Actualité juridique

Imposition des plus-values de cession d'actifs professionnels

Le 23/11/2012 par La Rédaction de Net-iris, dans Fiscal / Fiscalité des professionnels.

Vos réactions...


Aménagement et tolérance administrative concernant les modalités d'exonération des plus-values de cession réalisées par les petites entreprises.

L'article 151 septies du Code général des impôts - relatif aux plus-values réalisées par les entreprises soumises à l'impôt sur le revenu - permet d'exonérer totalement ou partiellement les plus-values réalisées en cours ou en fin d'exploitation par les contribuables qui exercent leur activité à titre professionnel depuis au moins 5 ans et dont les recettes n'excèdent pas certains seuils.

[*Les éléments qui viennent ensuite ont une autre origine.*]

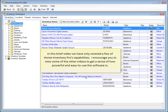In this brief video we've only covered a few of Home Inventory Pro's capabilities. I encourage you to view some of the other videos to get a sense of how powerful and easy to use the software is.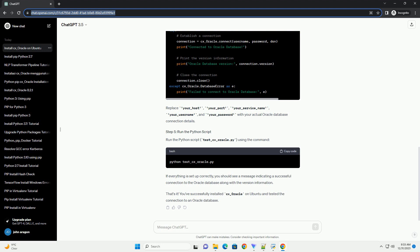Run the Python script, test_cx_oracle.py, using the command. If everything is set up correctly, you should see a message indicating a successful connection to the Oracle database along with the version information.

Comme la période de référence à retenir pour l'appréciation de la condition de recettes en présence d'un contribuable clôturant son exercice en cours d'année civile a donné lieu à des difficultés d'interprétation, l'article 21 de la dernière loi de Finances rectificative pour 2011 précise que les recettes à retenir s'entendent "de la moyenne des recettes réalisées au titre des exercices clos au cours des 2 années civiles qui précèdent la date de clôture de l'exercice de réalisation de la plus-value nette".

Dans une instruction fiscale du 2 mars 2012 (BOI n°5 K-1-12), l'administration fournit un exemple pratique de calcul en précisant que les nouvelles dispositions sont applicables aux plus-values réalisées au cours de l'exercice clos au 31 décembre 2011 et des exercices suivants. Mais il est admis que "les plus-values réalisées par les contribuables qui ont retenu pour l'appréciation des seuils de chiffre d'affaires les 2 années civiles qui précèdent la date de clôture de l'exercice de réalisation des plus-values avant l'entrée en vigueur de la présente disposition ne donneront lieu à aucun rappel sur le fondement de la règle qui vient d'être exposée".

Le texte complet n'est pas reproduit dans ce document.